The Agriculture Department says that retail food prices are likely to climb by 2.5% to 3.5% in 2007, fueled in part by strong demand for corn-derived ethanol. But Michael Swanson, an agricultural economist at Wells Fargo & Co., thinks the rise could be an even sharper 4.5%.
Kenneth Beauchemin, a U.S. economist with consulting firm Global Insight, says that the difference now is that the government’s push to promote ethanol, unlike a storm or other temporary factor, “could affect prices for the next 10 years.”
The price of cereals and baked products increased 4.2% during the 12 months ended in February, according to the Labor Department. Meat, poultry and fish prices gained 2.7% over the same period.
Corn is hovering around $4 a bushel, the highest price in nearly a decade, amid competing demand from feed lots, food manufacturers and a burgeoning ethanol industry. The high price has created a cost squeeze for many food producers.
Even so, higher corn prices are clearly having an impact. They have sharply increased the cost of livestock feed — typically a blend of corn and soybeans — and a major component of meat production costs.
CEO Dick Bond at Tyson’s annual meeting in February: “As more corn is being used for ethanol production, prices have gone up significantly. We have no choice but to pass along the higher costs to our customers who then pass along their higher costs to consumers.”
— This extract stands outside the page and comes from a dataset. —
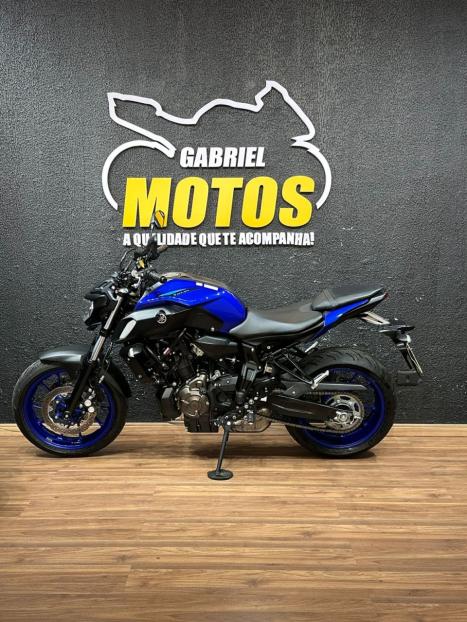 YAMAHA MT-07 700 ABS, Foto 2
When farmers were making their planting decisions last season, they underestimated the demand for corn, shifting four million acres from corn to soybeans. At the time, corn prices were lower, having yet to signal the heavy demand from ethanol producers or the export market that have developed since. Even so, American farmers harvested the third-biggest U.S. corn crop on record.
To combat the idea that corn growers are wreaking havoc on the economy, Mr. Tolman, of the Corn Growers Association, says he tries to paint corn in a more positive light. “I have people at church stopping me saying ethanol’s driving up chicken prices,” he says.